Six Flags and Cedar Fair disclosed in a securities filing Tuesday that the U.S. Department of Justice is seeking more information on the companies’ proposed merger.
The combination of the theme park chains has created a great amount of speculation among fans that the merger could be blocked on antitrust grounds. Extra DOJ scrutiny like this documents request, however, is not unexpected.
“It’s normal procedure,” industry consultant Dennis Speigel, president of the Cincinnati-based International Theme Park Services, told The Cleveland Plain-Dealer.
The step taken by the DOJ, called a “second request,” means the proposed merger does raise “competition issues,” which is why additional information will be turned over. Cedar Fair and Six Flags said in its securities filing that it intends to comply with the request no later than May 2 and that it still expects the merger to be completed in the first half of this year.

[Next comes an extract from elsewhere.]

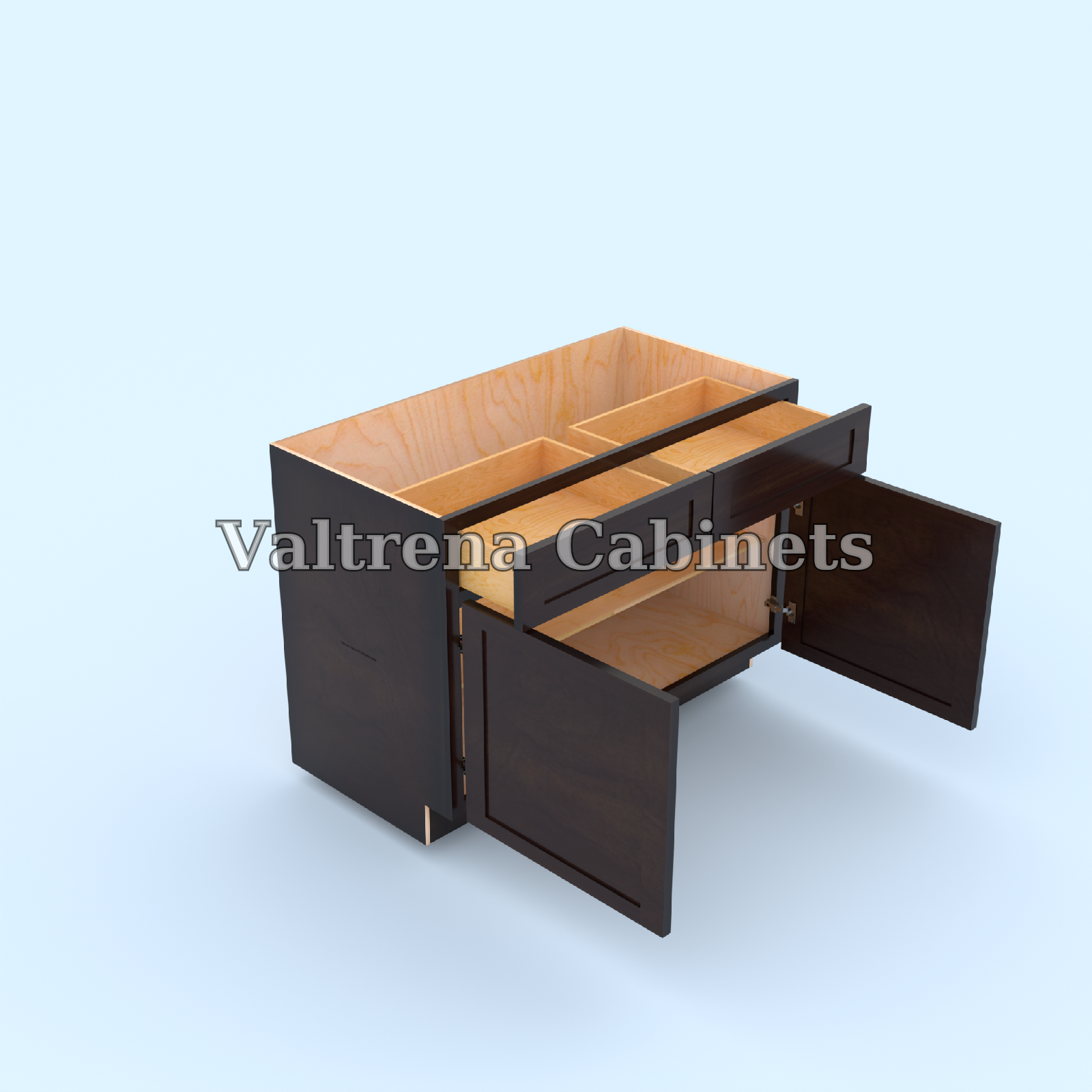 2 Door 2 Drawer Base Cabinet - view 2 of 2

If federal agencies were to take action to block the merger, such a move would happen within 30 days after Six Flags and Cedar Fair have turned over the requested info.

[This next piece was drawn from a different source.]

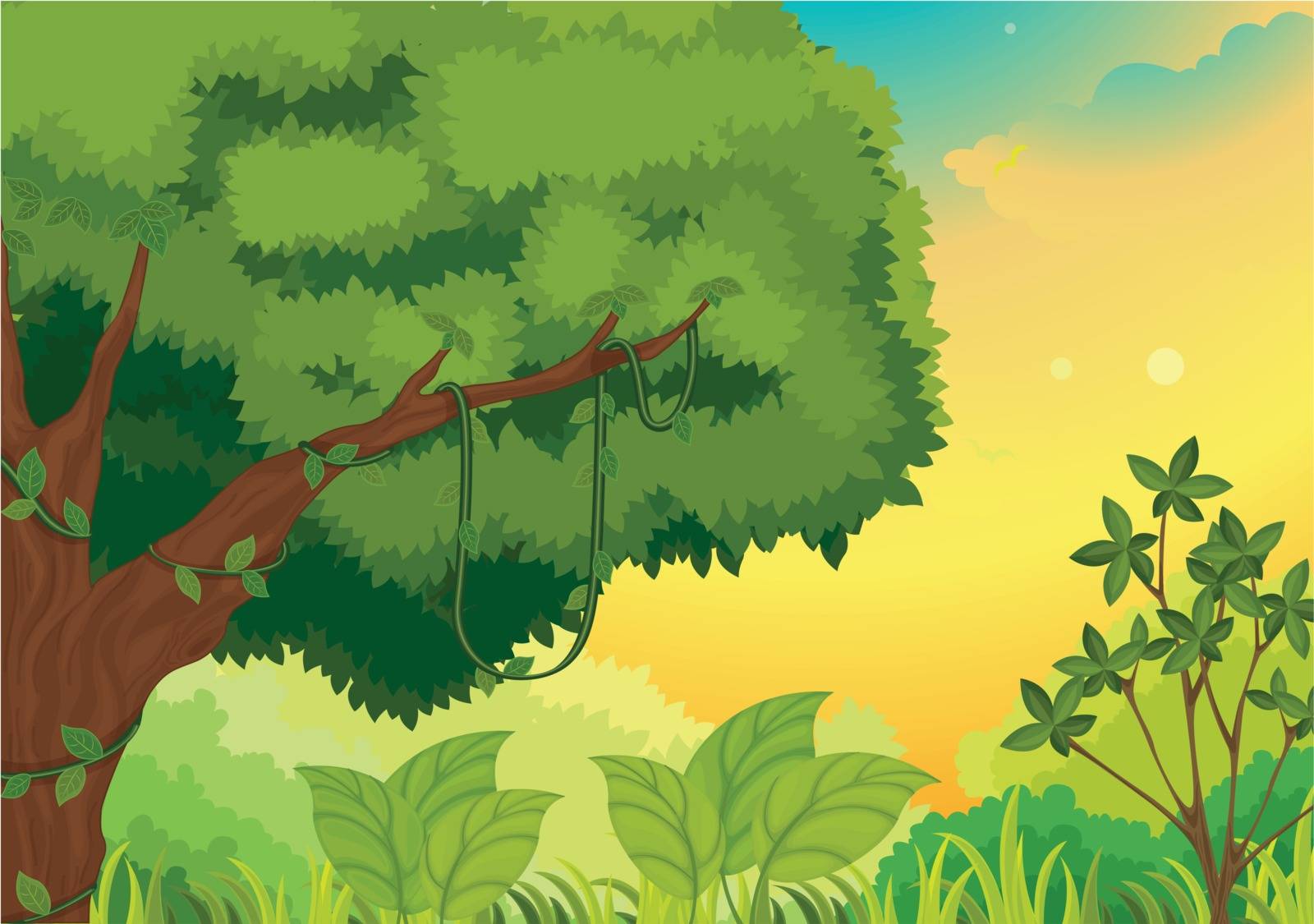 Illustration of a nature background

The two regional theme park giants announced their intentions to merge last November into a $8 billion company which would include 42 amusement and water parks in North America. It’s the biggest consolidation among U.S. theme parks since 2006, when Cedar Fair paid $1.2 billion to acquire Paramount’s theme park division, which included Kings Island in Mason, Ohio and Kings Dominion in Doswell, Virginia.